# Help! Car Alarm WONT stop going off.



## tamizzle_09 (Jan 18, 2010)

I've had my Lady for awhile and haven't had any luck fixing the issue. After locking her up the alarm will sound randomly at any time of the day..and so forth. So for awhile I disarmed my horn so when the alarm sounded the lights would just go off and not the sound. But this is an annoyance and I was wondering if anyone could help me with this issue! I've noticed others have had the same problem. Does anyone know how to fix it?? Or would it just be easier to disarm the alarm completely and get an aftermarkert alarm.. would the aftermarket alarm drain on the battery though? Ive heard that from some others. Anyways..let me know, that would be awesome!! You'll be my hero literally...lol. 

:waving:​


----------



## Outkast (Jan 29, 2006)

They usually go off cause one of the theft parameters is geeking. The most common parts to fail are the door lock switches and the hood switch cause they can get wet.
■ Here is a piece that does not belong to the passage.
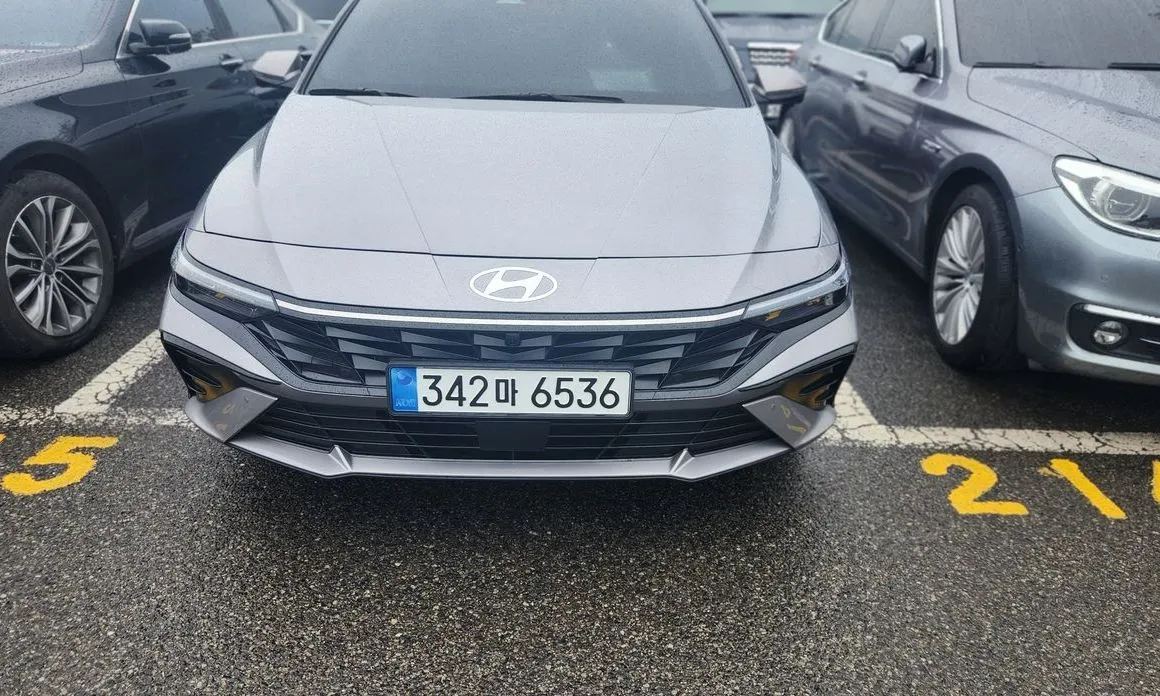 Hyundai AVANTE — фото 1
If they have a short in them the resistance will tell the theft control unit that the hood or doors are open even thought they aren't causing the alarm to go off. More than not it's the hood switch but get those tested and also get the theft ECU checked as well. If you just want it to stop then pull the relay under the hood. It'll disable the hole system. It's the lower one of the two to the far left of the relay/fuse box.


----------